When your muscles are evenly balanced strength wise, you will be far less likely to get injured.
2. Push-Ups Use the 3 Key Resistance Phases
The 3 key phases of muscle building resistance are the:
- and isometric phases.
The eccentric phase is when a muscle elongates due to the contraction of another muscle. In the push up, this happens when you power your body to the floor.
The concentric phase involves a muscle being stimulated to contract. This happens during the pushing back to the start position phase of the push up exercise.
The isometric phase is when the muscles attempt to contract but does not actually change its position. This position is the pause phase at the top of the exercise.
The incorporation of these three phases makes push ups an excellent exercise for both muscle and strength enhancement.
3. Push-Ups Improve Your Reaction Time
Push ups will improve your reaction time. This is because they train what are known as your proprioceptive muscle fibers. These fibers are the microscopic nerves that keep your body balanced.
These are especially activated when you hold the top isometric push up position.
This is because they need to keep firing in order to keep your body stabilized.
In this way, the proprioceptive muscle fibers are trained to react faster to stimulation which will improve both your balance and your speed.
4. Push-Ups Increase Blood Flow
When you do high repetition push ups, your heart will be working hard to pump more blood around your body.
This increased blood flow will fast track the supply of oxygen and nutrients to the muscles of your body as well as removing such waste products as lactic acid.
5. Push-Ups Are Effective Muscle Stretchers
We often think of the muscles of the chest, shoulders, and triceps when it comes to push ups.
That makes sense because these are the main muscles worked.
But push ups also affect the other key muscles of your upper body – the back and biceps.
They provide an excellent stretch to these muscles. The improved flexibility that results will make you less injury prone.
6. Push-Ups are Cardiovascular
The combination of their being a whole body movement and the fact that you normally do quite high reps on them makes push ups an effective cardiovascular exercise.
The effort of your different muscle groups having to work in coordination to both provide the strength to do the exercise and to keep you balanced means that your heart has to work harder to push blood around your body.
The end result of this is that you will have a healthier cardiovascular system and it will help you to burn off excess calories in the form of stored body fat.
7. Push-Ups Help Prevent Injury
As a general concept, body weight training is safer than exercising with weights. When it comes to the push up, choosing this move can prevent you from some serious shoulder and pec pain.
The push up and the bench press are essentially the same movement in reverse.
When you do a push up you are lowering the weight (your body) to the floor. With the bench press, you are lowering the weight (the bar and plates on it) to your body.
The movement in both exercises is exactly the same. However, there are some distinct differences.
When you do the bench press, your grip on the bar and the position of the bar in relation to your torso puts the rotator cuff at your shoulders in a compromising position. Over time, it will almost inevitable lead to complications.
When you do push ups, you work the same muscles as a bench press but without the rotator cuff issues.
With the push up, there is also no danger of the weight coming crushing down on your body (around 15 people die each year from being crushed by a bench press bar!).
8. Push-Ups Are User Friendly
The push up is probably the most accessible exercise that exists.

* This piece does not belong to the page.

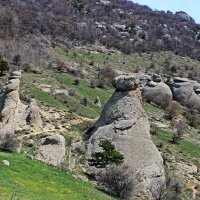 Шествие каменных великанов... :: Александр Герасенков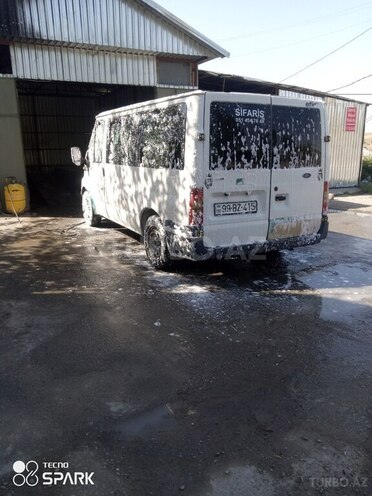 Ford Transit 2001, 610,000 km - 2.0 л - Şəki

You don’t need any equipment to perform it – simply drop to the floor and start pumping them out.
That means that all of the traditional barriers to exercise that many people face – not enough time, too expensive, too cumbersome and difficult – are wiped aside when you do push ups.
You don’t need any special gear, clothing or expertise to do the exercise.

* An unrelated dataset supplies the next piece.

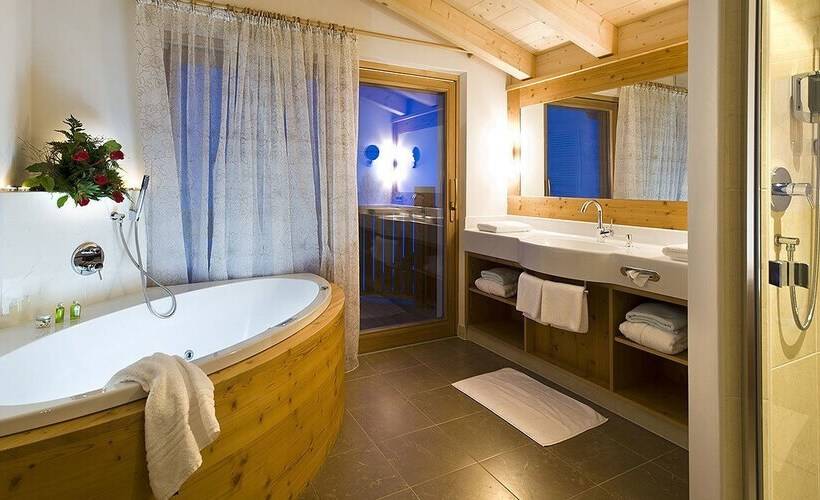 Люкс Повышенной Комфортности, Chalet Tianes   Alpine Relax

Nearly every adult has done push ups before and most people can do at least one – if not, there are a number of adaptations that can be done allowing people to work up to a full push up.
Push-up quotes to get you motivated
Read these over and over and over, they can really make a difference!

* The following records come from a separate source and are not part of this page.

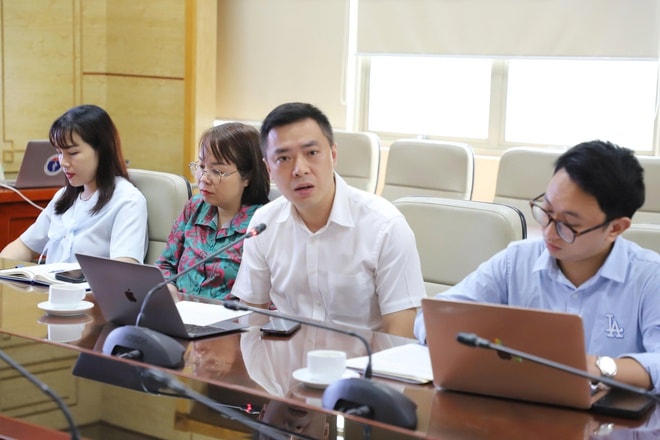 Thứ trưởng Nguyễn Tri Thức: Lấy dự phòng làm trọng tâm trong bảo vệ trẻ em giai đoạn mới- Ảnh 4.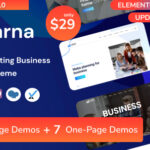 Earna - Business Consulting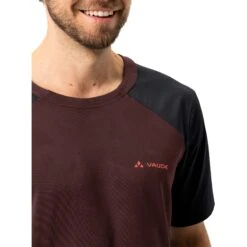 Vaude Moab PRO Shirt Men - Dark Oak -Vaude vaude mens moab pro shirt dark oak 6 1377673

A reporter once asked Muhammad Ali how many push ups he could do. Ali replied 8 or 9. The reporter was not very impressed, to which Ali responded . . .
I only start counting when I can’t do any more.
On one of my birthdays I did 1,000 chin-ups and 1,000 push-ups.
For my 70th birthday I towed 70 boats with 70 people in it, my feet and hands tied-my hands were in handcuffs, my feet were tied together-and I towed these boats a mile-and-a-half in Long Beach Harbor.
For my 93rd birthday I’m going to tow my wife across the bathtub.
Working your core always, your foot speed, jumping rope, push-ups and sit-ups – things like that are really important. Those things will pay off more than just doing what a bench press will.
Push-ups are seriously the best way to tone your arms – and they tone your abs at the same time! I like to do them when I’m home watching TV or listening to music.
By the time I was 4 or 5, I was doing 250 push-ups and sit-ups a day.
When I was 6, we bumped it up to about 500 push-ups and sit-ups a day. Some days it could even be 750 or 1,000.
If push-ups get boring, try these motivational tips
Doing endless reps of pushups can get stale over time, and you may find yourself hitting a strength and conditioning plateau.
Try these tricks to mix things up.
4 Push-Up Variations
Shoulder Tap Push-Ups
Position yourself on the floor in a traditional push up position. Your hands should be slightly wider than shoulder width apart.
Maintain a straight line from head to toe. Straighten your arms to be in the top push up position at the start of the movement.
Perform a push up by lower until your chest touches the floor and then push back to the start position. Now bring your right hand up and across to tap your left shoulder. Lower and repeat with the left hand.
That is one rep.
Push Up + Squat Hold
Stand with your feet together and hands clasped together in front of your chest.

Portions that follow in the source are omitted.